If art is a singular expression, then by nature the best art is controversial. But when art stirs debate for reasons besides its creative merits, that's when things get bent.
Things are bent in Washington, DC where they are building the Martin Luther King memorial.
Probably you haven't heard this as the story primarily involves people of color, but not crime, so the MSM has pretty much given it the go-by. The MLK memorial foundation recently swapped out the sculptor of a centerpiece statue of Dr. King. It happens on big projects. Creative differences and all that.
So what's the issue?
The issue is the memorial foundation put a black American to the curb -- Ed Dwight, who besides being an artist was also the first black American astronaut -- and brought in a Chinese man to do the statue. Not a Chinese American. A Chinese guy from China. Lei Yixin.
This one is tough. When I heard about Dwight being replaced and Lei being brought on my gut reaction was: no. No way should somebody who's not a black American do up the national memorial likeness of one of the most prominent of us.
I wasn't the only one with the feeling in my gut. There's an entire Web site dedicated to keeping Dr. King "ours."
But you give it a second, you put your initial passions aside, and it is possible to see things in a different way. "No" softens into "why not?" Why not let Dr. King go global? Weren't he and his message phenomena beyond the Lower 48? What King borrowed from Ghandi, he lent to the likes of Ivan Cooper, the Northern Ireland civil rights activist. And perhaps a Chinese person getting the job is not outsourcing work, but exporting the ideals of freedom. We've seen how well that plays when distributed by the muzzle of an army gun. Better we should try to inspire. Better we should try by sharing "our" man of compassion with the world.

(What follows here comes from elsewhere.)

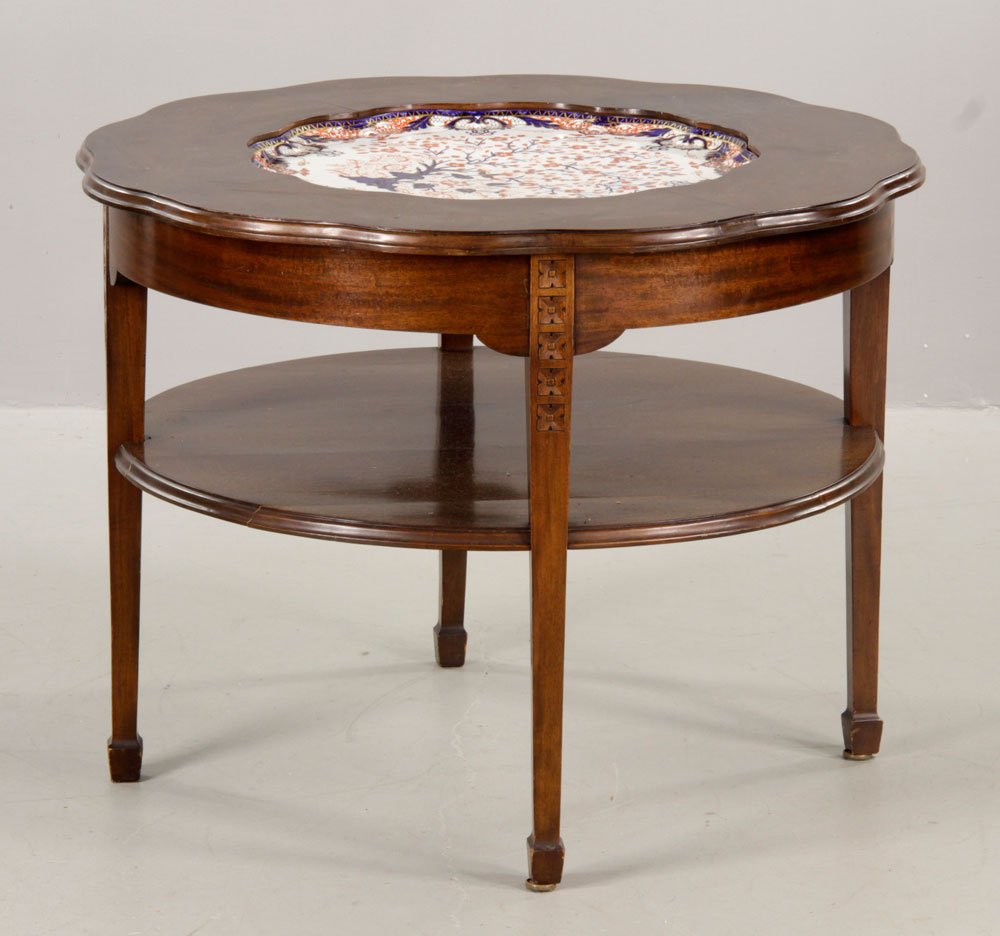 Mahogany Scalloped Edge Table (1 of 7)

Being able to see Lei Yixin not as "the Chinese guy," but as one of Dr. King's "children" is what Dr. King preached: judging people by their content, not their pigment. I think you can extend that to a person's place of origin. Certainly it can be extended to the political system under which they live. And how wonderful would it be for an oppressed people to be able to sculpt an image of the personification of freedom? Not to mention the high irony as J. Edgar Hoover, among King detractors, accused the doctor of being a commie or a commie tool. It's enough to make J. Edgar Hoover roll over in his black chiffon dress.

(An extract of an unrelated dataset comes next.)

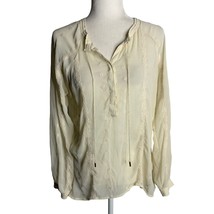 Democracy Embroidered Peasant Top S Beige Long Sleeve V Neck Snap Slightly Sheer - £17.44 GBP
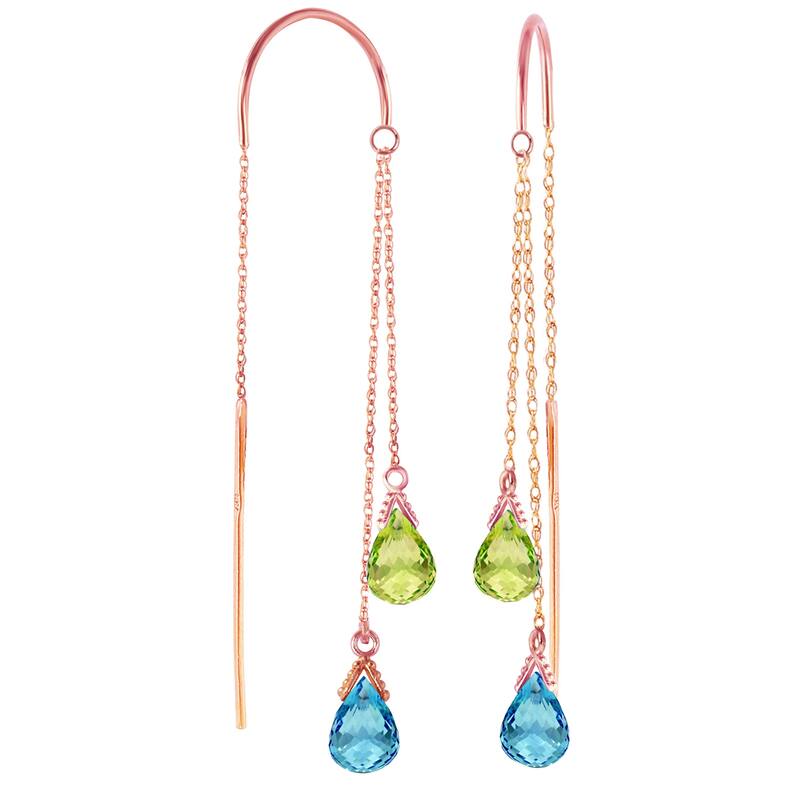 14K Solid Gold Threaded Dangle Earrings w/ Blue Topaz & Peridots - Rose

Did I say black chiffon dress? I meant grave. GRAVE!
The intent of the MLK Memorial Foundation might not be as high-minded as I give them credit for.
It's possible the reason a Chinese artist has been selected to shape Dr. King isn't to spread the love, as it were, but to get some green. The Los Angeles Times reports that in exchange for selecting Lei as the sculptor, Dwight says, the Chinese government may donate as much as $25 million to the memorial foundation -- one quarter of the estimated $100 million price tag. The foundation, of course, denies this. But if it is true, if the foundation ends up accepting any significant amount of money from the Chinese government, it will not merely negate any nobility in the act of Lei's selection, it will also bastardize everything that Dr. King stood for. His dream of a better world inverted into a simple grab for cash.
Only time will tell.
Although not everyone is paying attention, some of us are definitely watching.